Pendant plusieurs heures, lundi, Mohamed Belkhadir a été identifié à tort comme un deuxième suspect en lien avec l'attentat de Québec. L'arrestation de cet étudiant en génie, musulman d'origine marocaine, près du lieu du drame, a suscité bien des débats sur les motifs de l'attentat.
En fait, il s'agissait d'une terrible méprise. Après avoir participé à la prière, le résidant de Sainte-Foy était sorti déneiger les escaliers extérieurs de la mosquée. Il n'a pas vu le tireur faire irruption dans le lieu de culte, mais il a entendu les détonations, «pendant 15 à 20 secondes», a-t-il raconté en entrevue à La Presse, les traits tirés de fatigue.
Le réflexe
Il s'est précipité à l'intérieur quand les tirs ont cessé. «C'est le réflexe quand quelqu'un est blessé. On ne peut pas le laisser. C'est un acte d'humanité partagé par tout le monde, pas seulement les musulmans», dit-il modestement, en insistant pour qu'on ne fasse pas de lui une vedette ou un héros.
Le tireur était déjà parti. Des morts et des blessés jonchaient le sol. Mohamed Belkhadir a téléphoné au 9-1-1 pour demander de l'aide et donner l'adresse aux services d'urgence. Il s'est penché pour couvrir un blessé avec son manteau. C'est peu après qu'une grande frayeur l'a envahi.
«J'ai vu quelqu'un avec une arme. Je ne savais pas que c'était un policier, je croyais que c'était quelqu'un qui revenait pour tirer. Alors j'ai fui à l'extérieur, du côté du stationnement», dit-il.
«Je respecte qu'ils m'aient attrapé»
Les policiers dépêchés sur place, eux, n'ont vu qu'un homme qui s'élançait pour fuir les lieux de la tuerie à leur approche. Ils lui ont sauté dessus et l'ont mis en état d'arrestation.
«Je comprends, je respecte qu'ils m'aient attrapé. Ils m'ont vu fuir, ils ont pensé que j'étais suspect, c'est normal. Pour eux, quelqu'un qui fuit, c'est un suspect», affirme Mohamed Belkhadir.

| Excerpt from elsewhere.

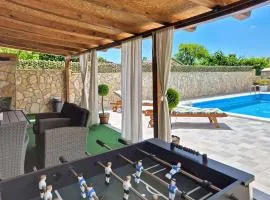 Holiday Home Denis by Interhome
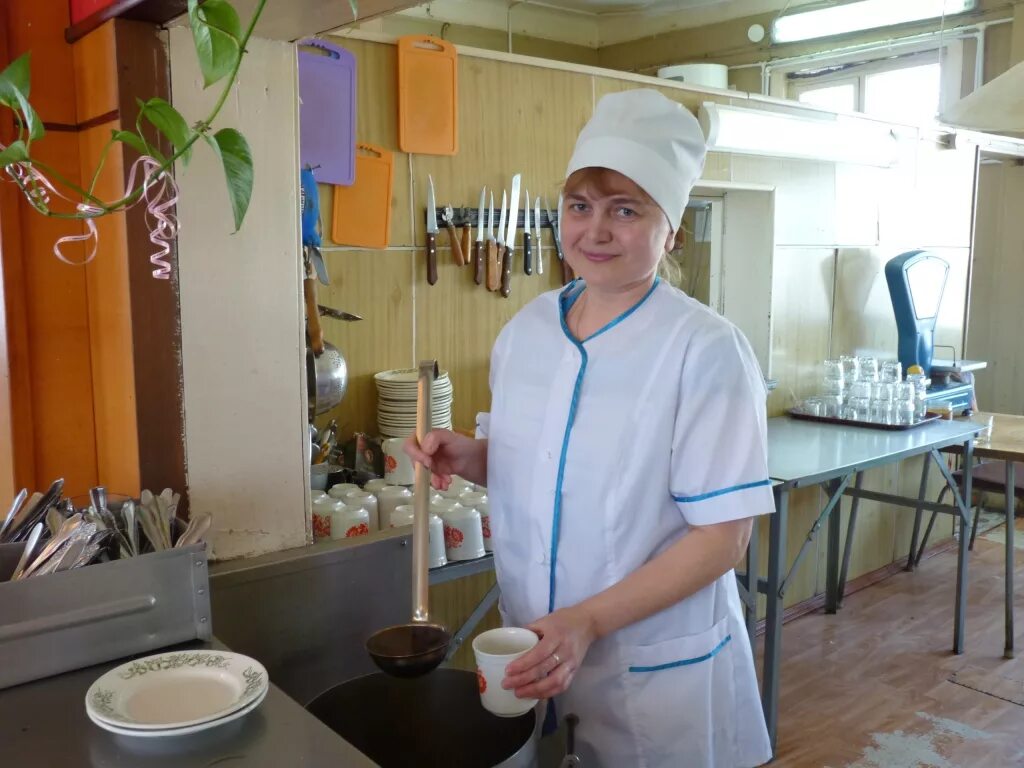 Сколько поваров в столовую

Il assure que les policiers de Québec ont été «très gentils» avec lui. Ils ont desserré ses menottes quand il s'est plaint qu'elles lui faisaient mal. Ils lui ont offert du thé et de la nourriture et l'ont laissé dormir sur un matelas au poste.
Le faux suspect s'inquiétait tout de même. Personne n'aime voir son nom associé à un dossier de terrorisme. Surtout un immigrant qui travaille fort pour s'intégrer dans son nouveau pays. «Je m'imaginais ne plus pouvoir travailler, ne plus pouvoir aller à l'université, ne plus pouvoir suivre mes rêves», raconte-t-il.
Puis, les policiers lui ont annoncé la bonne nouvelle. «Ils m'ont dit: ‟Mohamed, heureusement, tu n'es pas suspect, tu es témoin".» Il a été relâché.
Beaucoup d'appuis
Il est rentré chez lui, brûlé, mais pas fâché, en pensant à cette double «erreur d'interprétation», tant de sa part que de celle de policiers.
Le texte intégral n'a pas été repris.